I LIVED on the N.Korea border in China for almost a year. The N.Korean people are like ghosts, like dead men walking. All of them will do ANYTHING to stay away from N.Korea.
If a N.Korean woman is deported from China (or anywhere), she is put into a work camp and given only water until she starves to death. If she returns pregnant, the baby is aborted (forced abortion) and she will be regularly raped by the guards because she is ‘unclean’ so it doesn’t matter if she gets raped or not.
The main trade that China has with N.Korea is Sex Slaves. N.Korean women are traded for electronic goods, food, clothes, or whatever else the rulers of N.Korea have a fancy for.
For all people’s Political Banter, no one actually pays attention to the people in N.Korea or how Black the situation is there.
N.Korea’s Olympic team trains at a public gym and when the coach lost Kim Jong put him in a prison work camp:
http://sports.yahoo.com/soccer/blog/sow_experts/post/North-Korea-players-train-in-public-gym?urn=sow-248532
http://www.tmz.com/2010/07/30/north-korea-soccer-coach-kim-jong-il-kim-jong-hun/
Raymond | Aug 19, 2010 | Reply
Jon,
I can’t speak for others, but I myself am not skeptical for the sake of skepticism–indeed, I’m not even sure what it would mean to be so.

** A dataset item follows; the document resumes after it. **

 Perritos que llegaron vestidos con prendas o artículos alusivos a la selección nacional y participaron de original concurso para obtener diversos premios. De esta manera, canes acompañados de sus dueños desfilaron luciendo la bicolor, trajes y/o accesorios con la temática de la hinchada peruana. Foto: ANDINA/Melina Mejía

I am skeptical because my nearly fifty years of interacting with politicians and government functionaries and studying their speech and behavior have taught me that lying is intrinsic to their activities. In fact, one might argue, as F. G. Bailey does in his magnificent book Humbuggery and Manipulation: The Art of Leadership (Cornell University Press 1988), that honesty and political leadership are incompatible. If political leaders told the truth, they could not retain the loyalty and popular submission they need to carry out their programs, which always include a certain amount (in our day, a very large amount) of robbing and abusing Peter in order to reward and please Paul.
Robert Higgs | Aug 19, 2010 | Reply
I agree with you, Bob. Everybody SHOULD be as skeptical as you are, for the reasons you mentioned. But, for the most part, they are not, which is why I was surprised at the (relatively) high degree of skepticism Koreans had regarding their government’s pronouncements on the Cheonan incident.

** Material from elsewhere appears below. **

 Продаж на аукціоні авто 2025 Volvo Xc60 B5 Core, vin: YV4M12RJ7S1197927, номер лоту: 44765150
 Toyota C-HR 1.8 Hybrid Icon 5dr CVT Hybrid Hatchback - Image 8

In 2009 I published a paper in The Review of Austrian Economics titled “Principles and Politics: Like Oil and Water,” which makes a point similar to yours. If you have principles you can’t succeed in politics. But for the most part I don’t see that this line of reasoning characterizes the thinking of most of the American electorate.

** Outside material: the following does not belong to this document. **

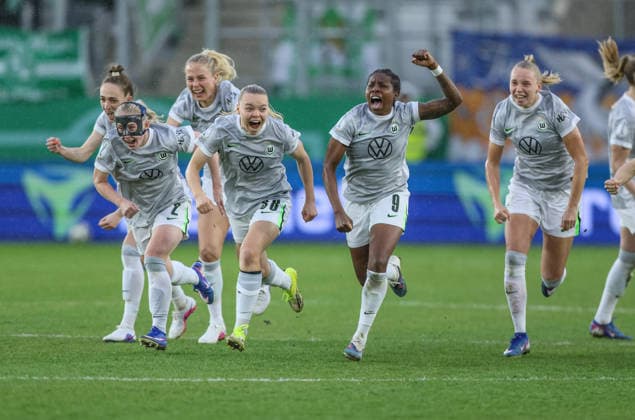 GER, Jena, Carl Zeiss Jena vs Vfl Wolfsburg, DFB Pokal Women, Football, DFB, Season 2025 2026, ad hoc Arena im Ernst Abbe Sportfeld, Semifinal im Bild v l DFB DFL REGULATIONS PROHIBIT ANY USE OF PHOTOGRAPHS AS IMAGE SEQUENCES AND OR QUASI VIDEO, 05 04 2025 Copyright: HMBxMedia HendrikxHamelau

Randall Holcombe | Aug 19, 2010 | Reply
Randall Holcombe wrote, (although he did not state whether the polls were taken right after the military’s one-sided TV announcement of the “findings announced May 20″),
“One interesting part of the story says, “Opinion polls show that 20% to 30% of South Koreans doubt the investigation committee’s findings.””
But that poll may be outdated and/or was erroneous,
for I have read elsewhere,
“[m]ore than half citizens of S. Korea don’t believe the official report on that sunk ship.”
South Korean people’s firsthand knowledge about the pro-government polls is that they are ridiculously overinflated.
A proof: war-fear-mongering South Korean President Lee Myung-bak got unexpectedly humiliated on the June 2 election by the “Supposedly less so enlightened” Korean people,
when “survey conducted by the major daily [pro-government]Dong-A Ilbo and the Korea Research Center from May 24 to 26[7-days-before] forecast[ed] that Oh would beat Han by 20.8 percent.”
Actual election result: 0.6 percent(=”47.4 percent”-”46.8 percent.”)
Source: http://joongangdaily.joins.com/article/view.asp?aid=2921960
LetsTry Reason | Aug 20, 2010 | Reply
Gulf of Tonkin
Bay of Pigs
War on Drugs
War on Terror
http://911review.com/articles/anon/false_flag_perations.html
Why would anyone doubt the government?